The only shop I found that sells any good quality cube was a small shop in London near the British museum, called "Playin' Games", but the four times I went there all they had were eastsheen 4x4 and 5x5 cubes. Didn't get them because I was only into 3x3 at the time.


----------



## CharlieCooper (Jan 15, 2009)

there is a shop in camden market that is tiny but it has puzzles. woolworths (RIP) used to sell pyraminxes, skewb and skewb ultimates.. but alas, no longer! (is it me, or do we only miss that store now it's gone?!)


----------



## MTGjumper (Jan 15, 2009)

Thanks to you Charlie, I managed to get a cut-price Skewb from Woolies 

If you randomly come to Nottingham, there are two shops that sell ES 4x4s.


----------



## cookingfat (Jan 15, 2009)

There's a shop in Meadowhall, Sheffield that sell Eastsheen 4x4x4s


----------



## CharlieCooper (Jan 16, 2009)

MTGjumper said:


> Thanks to you Charlie, I managed to get a cut-price Skewb from Woolies
> 
> If you randomly come to Nottingham, there are two shops that sell ES 4x4s.

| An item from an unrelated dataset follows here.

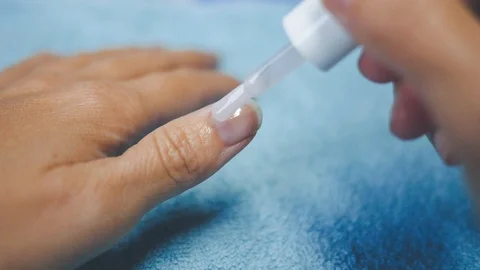 Put tranparent polish on the thumbnail 3 blu background Stock Footage 98739925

i was thinking of doing a woolies loot in its last few days to get my hands on lots of cheap puzzles... but i forgot :/ best pyraminx ever my mefferts from woolies! RIP

also, as an extra bit of information... woolies is apparently the name of the largest supermarket in australia!


----------



## panyan (Jan 16, 2009)

MTGjumper said:


> Thanks to you Charlie, I managed to get a cut-price Skewb from Woolies
> 
> If you randomly come to Nottingham, there are two shops that sell ES 4x4s.

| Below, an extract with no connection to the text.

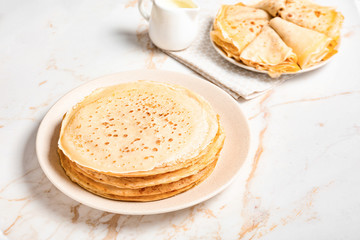 Plate with tasty blini on table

my cousin worked in woolies and i was gonna phone him to put aside all the puzzles for me to buy on the last day before closing (98% discount! )

but he said they were out and on the last day he got a 360 elite for £22 and all the 360 games left over for £50!


----------



## Edam (Jan 16, 2009)

charlie, where's the one in camden? I'm going to be in london next weekend, probably around camden. Be nice to look!


----------



## panyan (Jan 16, 2009)

Edam said:


> charlie, where's the one in camden? I'm going to be in london next weekend, probably around camden. Be nice to look!



i'd like to know too, thanks


----------



## Bounb (Jan 16, 2009)

65 The West Yard - Camden Lock, London NW1 8AF
Tel&Fax +44 20 7485 0653, England

Thanks to Stefan P for the info.


----------



## qazefth (May 10, 2009)

Is there any twisty puzzles around Manchester?


----------